Gourmet - Treasure - $7*
+3 Coffers
+1 buy
-
You can't buy this if you have Coffers.
Uses Grand Market's you can't buy if you have...
Do I understand it correctly that you can use Coffers for buying Gourmet?
You can not use coffers to buy gourmet, it costs $7.
You may not buy this if you currently have any coffers, including coffers from other gourmets you played during your buy phase.
At the start of your buy phase, you may convert all your coffers to $ to buy this (and other things).
No, this is not correct. Coffers can be removed any time "During you Buy phase, before you buy anything," including after you have played Treasures. Thus, a player could play Gourmet, cash out their Coffers (and any acquired previously) and buy another Gourmet (provided they had at least $4 more, either from those Coffers or from other sources).
Thanks, that part is incorrect, but you still can't spend say 3 coffers and $4 on this, you can however convert 3 coffers before your buy phase start, now you have $7 and can buy this.
At the start of your buy phase, I meant
I think you are still misunderstanding the rule. It is not that you can cash in Coffers at the start of your buy phase. It is that during your Buy phase, you can play Treasure cards and cash in Coffers until the first time you Buy
a card anything during the phase. This is true even if you did not have those Treasure cards/Coffers when the Buy phase began.

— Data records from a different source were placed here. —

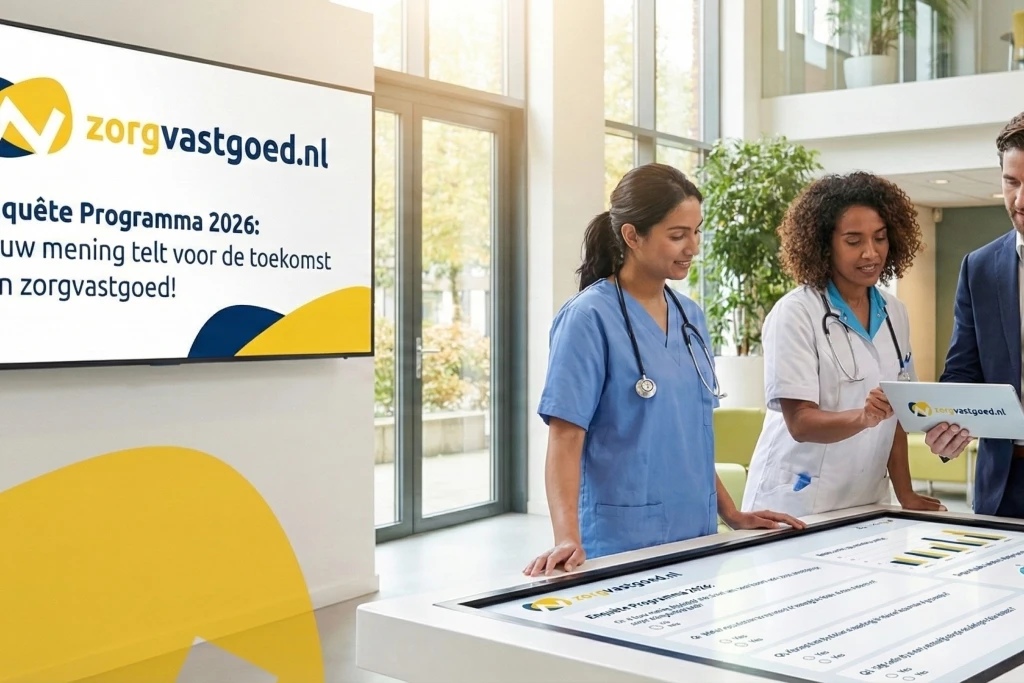 Samen bouwen aan beter zorgvastgoed — doe mee aan onze enquête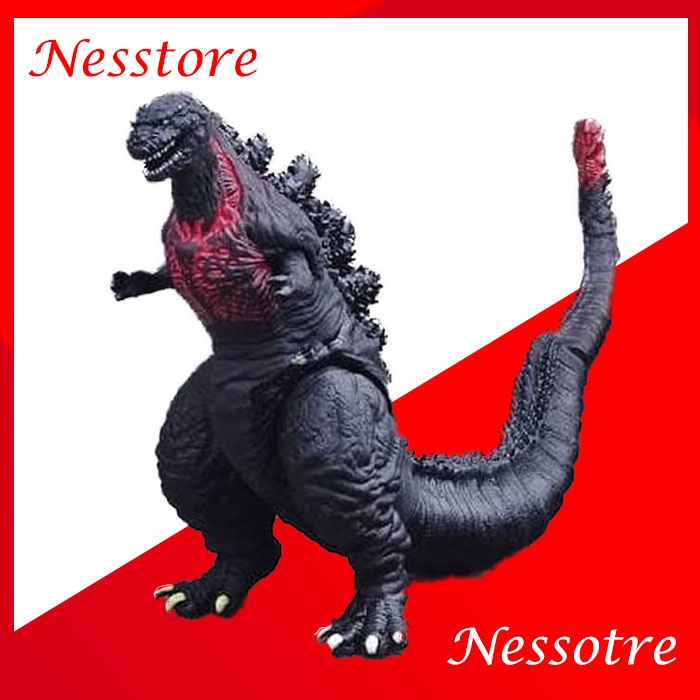 Shin Godzilla Action Figure / Mainan Godzilla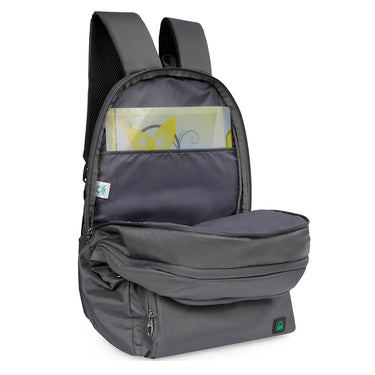 United Colors of Benetton BrixenBack to School Backpack Grey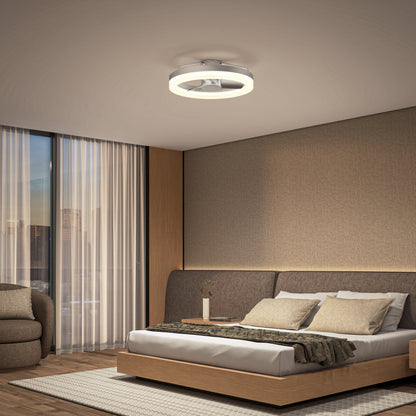 Alure 23" LED Ceiling Fan with Remote Control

So, if you play all of your Treasures, then use Scepter (played last) to replay a Torturer, and the cards you draw include other Treasures, you can play those as well (if you drew another Scepter, you could play Torturer a third time, and if you drew more Treasures, play those as well). Similarly, if (starting your Buy phase with no Coffers) you play two Silvers and a Ducat, you could then cash in the Coffers you got from Ducat and buy something costing $5 (or one thing costing $2 and another thing costing $3).
Therefore, (starting your Buy phase with no Coffers) you could play two Silvers and a Gourmet, cash in the 3 Coffers you just gained, and (now that you do not have any Coffers on your mat), buy a Gourmet.
If you think that "converting 3 Coffers to $ so you have $7" means something different from "spending 3 Coffers and $4", you're being way overly pedantic even for f.ds standards. That's like correcting someone who says "spending a Villager to play an Action" by saying "um, actually, what you mean is you're spending a Villager to get +1 Action, and then spending that Action to play an Action card." Sure, you're technically correct, but you know what we meant.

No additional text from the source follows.